The available Python options are detailed in the aoclda.decision_tree.decision_tree() and
aoclda.decision_forest.decision_forest() class constructors.
The following options can be set using da_options_set_?:
Option name |
Type |
Default |
Description |
Constraints |
|---|---|---|---|---|
category split strategy |
string |
\(s=\) ordered |
How to split categorical features: split one category from all other or consider them ordered. |
\(s=\) one-vs-all, or ordered. |
maximum bins |
integer |
\(i=256\) |
Maximum number of bins in histograms. |
\(2 \le i \le 65535\) |
histogram |
string |
\(s=\) no |
Choose whether to use histograms constructed from the data matrix X. |
\(s=\) no, or yes. |
feature threshold |
real |
\(r=1e-05\) |
Minimum difference in feature value required for splitting. |
\(0 \le r\) |
storage order |
string |
\(s=\) column-major |
Whether data is supplied and returned in row- or column-major order. |
\(s=\) c, column-major, f, fortran, or row-major. |
check data |
string |
\(s=\) no |
Check input data for NaNs prior to performing computation. |
\(s=\) no, or yes. |
minimum split score |
real |
\(r=1e-05\) |
Minimum score needed for a node to be considered for splitting. |
\(0 \le r \le 1\) |
maximum features |
integer |
\(i=0\) |
Set the number of features to consider when ‘features selection’ is set to ‘custom’. 0 means take all the features. |
\(0 \le i\) |
number of trees |
integer |
\(i=100\) |
Set the number of trees to compute. |
\(1 \le i\) |
seed |
integer |
\(i=-1\) |
Set random seed for the random number generator.

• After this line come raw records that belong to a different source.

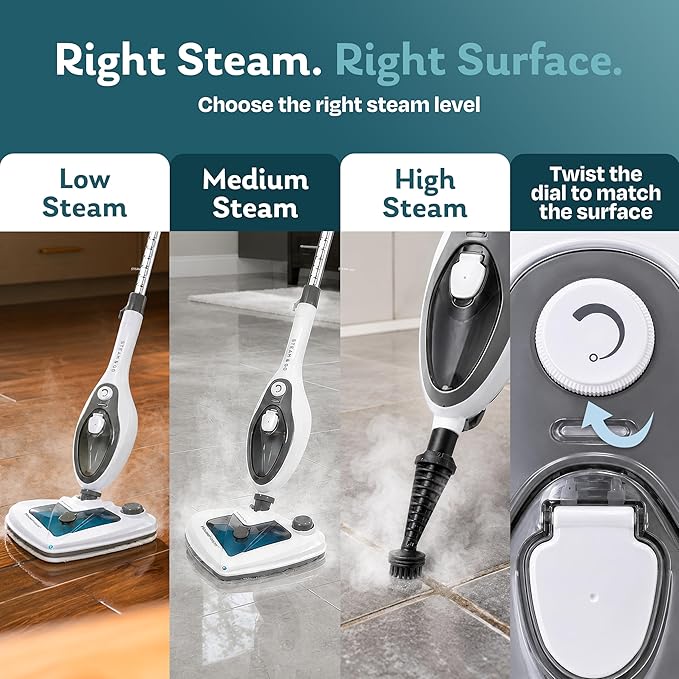 Steam & Go 10-in-1 Multi-Surface Steam Mop - Deep Clean with Heat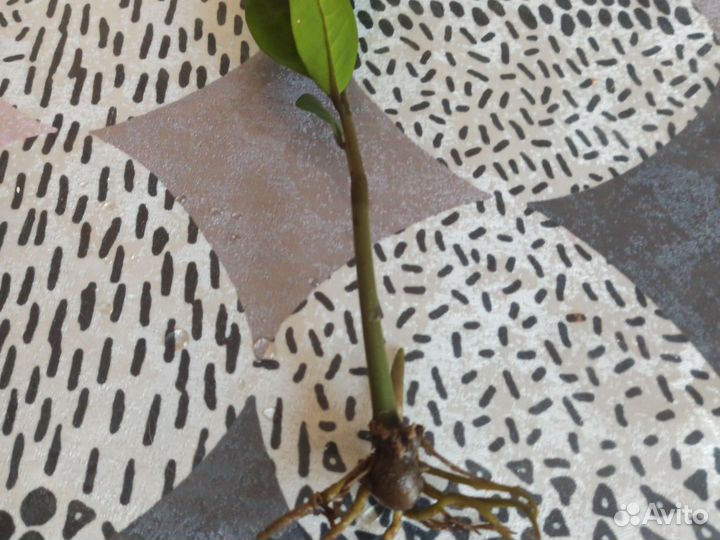 Замиокулькас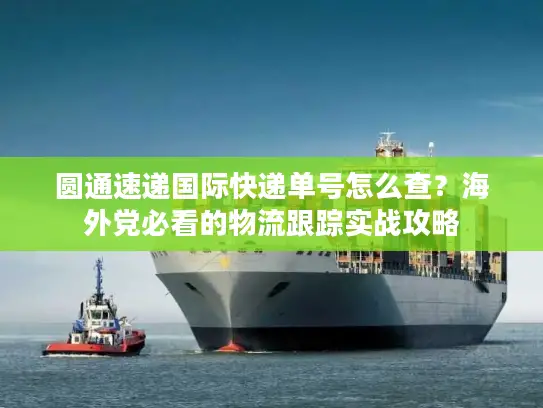 圆通速递国际快递单号怎么查？海外党必看的物流跟踪实战攻略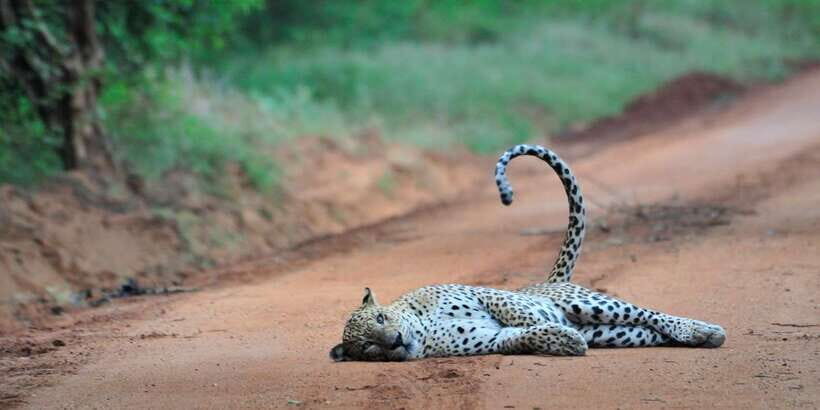 From Ella: Yala National Park Jeep Safari Tour - Water holes and tanks: birdwatching with real action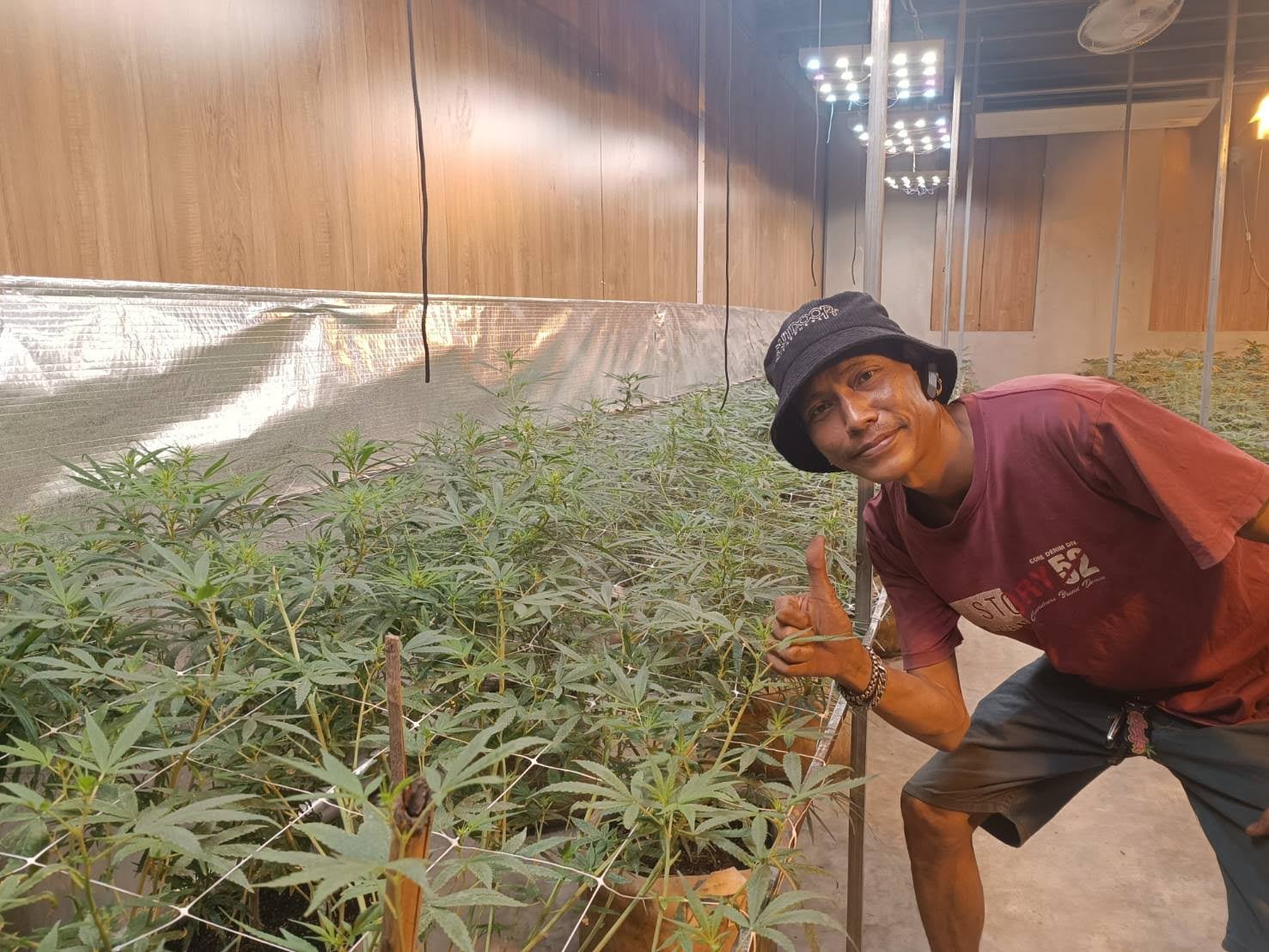 Farm Weed MAGIC CANNABIS TH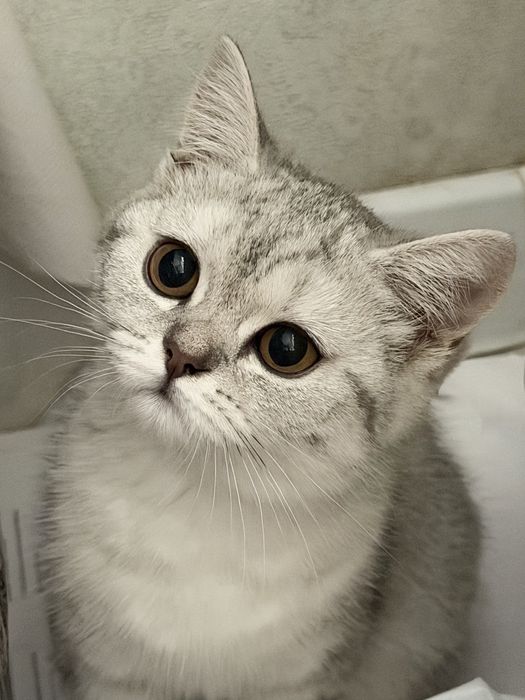 Котенок (девочка) 2,5 месяца серебристая шиншилла
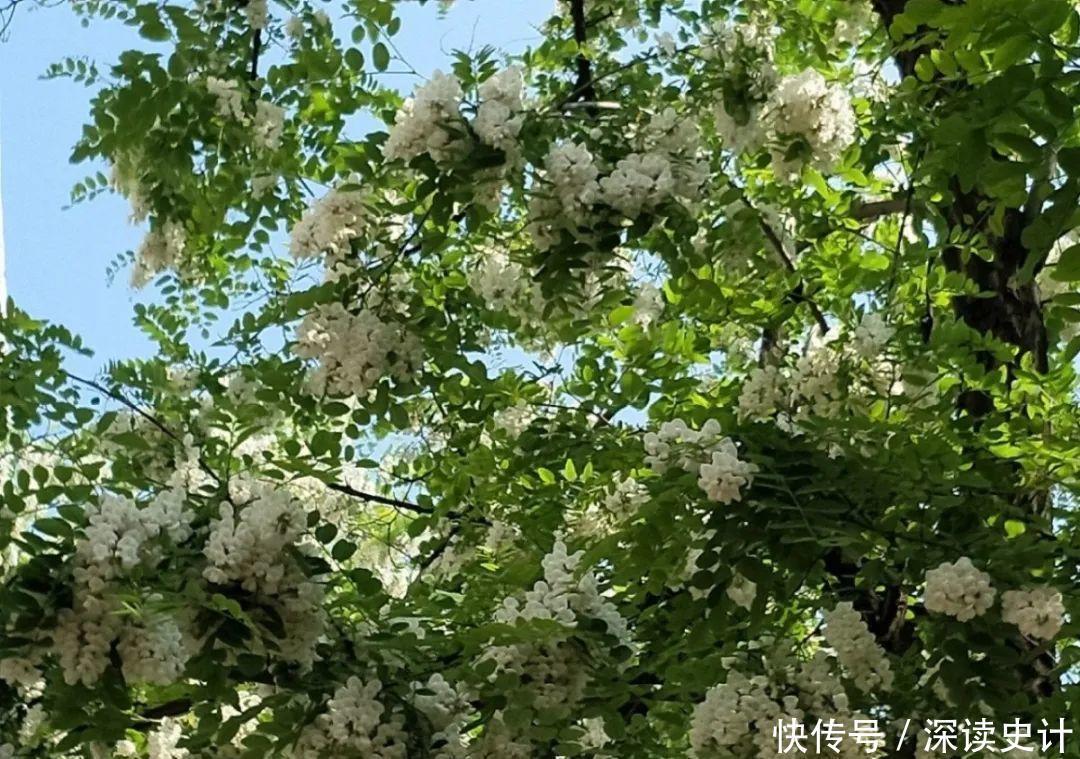 农村的6种花,烙饼子、炒菜、炖汤···再晚没得吃了!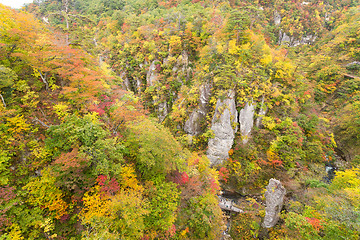 Image showing Naruko canyon in Japan at autumn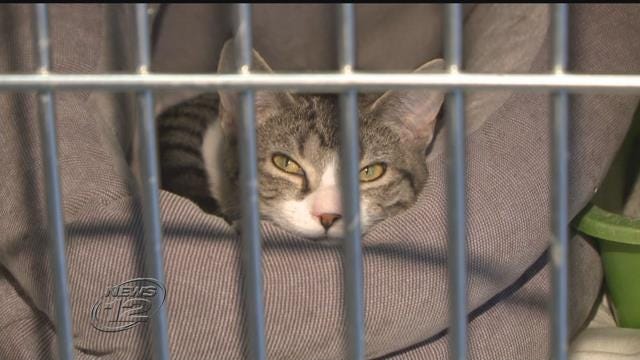 Article 134335 Thumbnail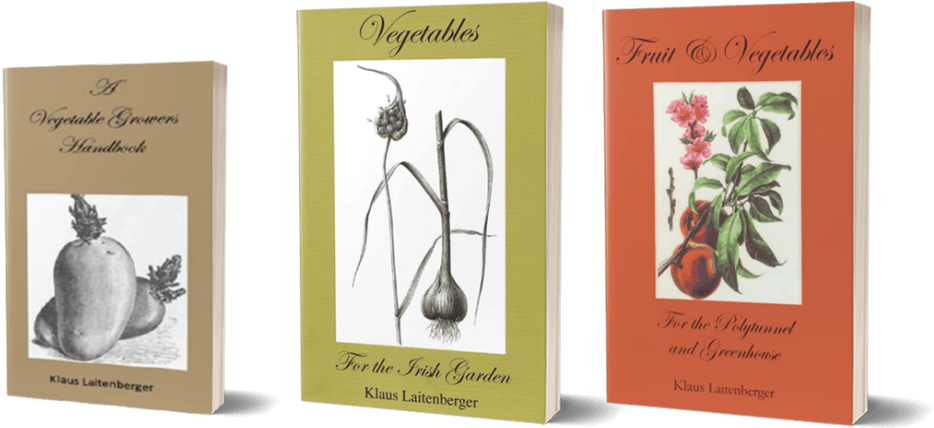 Buy Books - Persian Buttercup (1024x458), Png Download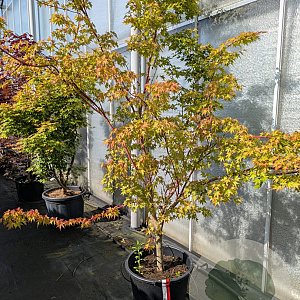 Acer pal. 'Sangokaku' 200-250 cm 45L meerstammig solitair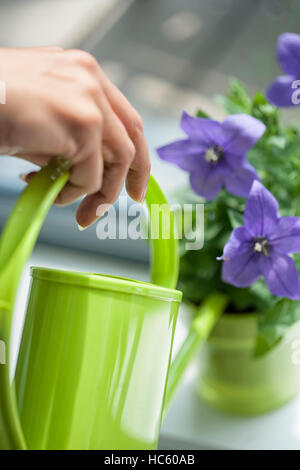 Irrigazione fiori viola con una verde annaffiatoio in casa sua Foto Stock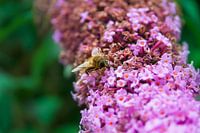bloemetjes en bijtjes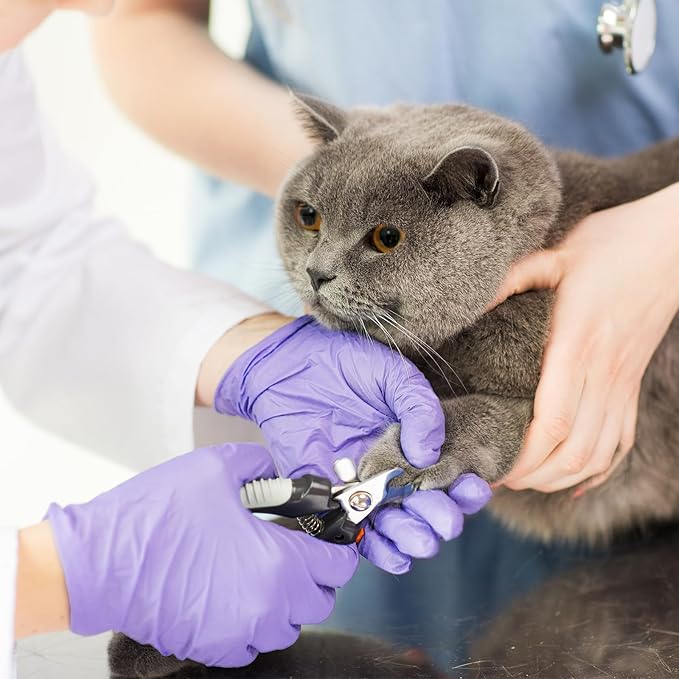 Disposable Gloves Large, Nitrile and Vinyl Blend Material Gloves, Latex Free 4 Mil 200 Pc Food Grade Glove for Cleaning, Food Prep,Hair Dye,Tattoo, Purple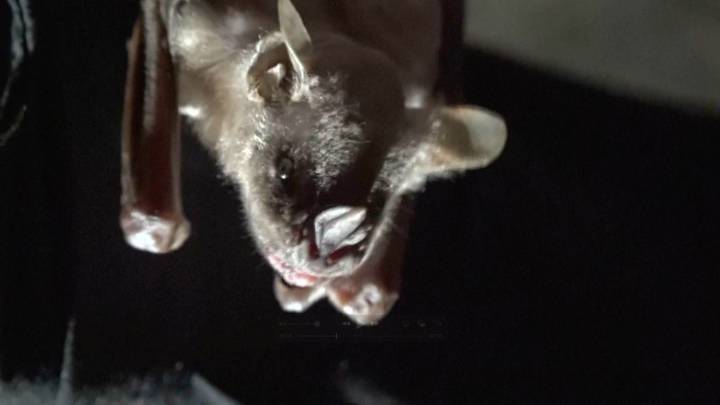 Woman visiting Arizona hit with steep medical bill after bat flies into her mouth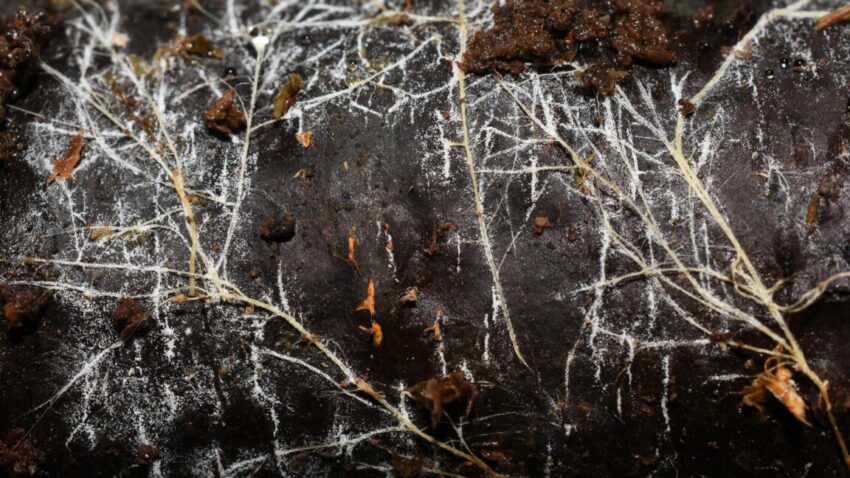 threads of underground fungal networks are long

If the value is -1, a random seed is automatically generated. In this case the resulting classification will create non-reproducible results. |
\(-1 \le i\) |
node minimum samples |
integer |
\(i=2\) |
Minimum number of samples to consider a node for splitting. |
\(1 \le i\) |
maximum depth |
integer |
\(i=29\) |
Set the maximum depth of trees. |
\(0 \le i \le 29\) |
scoring function |
string |
\(s=\) gini |
Select scoring function to use. |
\(s=\) cross-entropy, entropy, gini, misclass, misclassification, or misclassification-error. |
minimum impurity decrease |
real |
\(r=0\) |
Minimum score improvement needed to consider a split from the parent node. |
\(0 \le r\) |
block size |
integer |
\(i=256\) |
Set the size of the blocks for parallel computations. |
\(1 \le i \le 2147483647\) |
features selection |
string |
\(s=\) sqrt |
Select how many features to use for each split. ‘custom’ reads the ‘maximum features’ option, proportion reads the ‘proportion features’ option. ‘all’, ‘sqrt’ and ‘log2’ select respectively all, the square root or the base-2 logarithm of the total number of features. |
\(s=\) all, custom, log2, proportion, or sqrt. |
bootstrap |
string |
\(s=\) yes |
Select whether to bootstrap the samples in the trees. |
\(s=\) no, or yes. |
bootstrap samples factor |
real |
\(r=1\) |
Proportion of samples to draw from the data set to build each tree if ‘bootstrap’ was set to ‘yes’. |
\(0 < r \le 1\) |
proportion features |
real |
\(r=0.1\) |
Set the proportion of features to consider when ‘features selection’ is set to ‘proportion’. |
\(0 < r \le 1\) |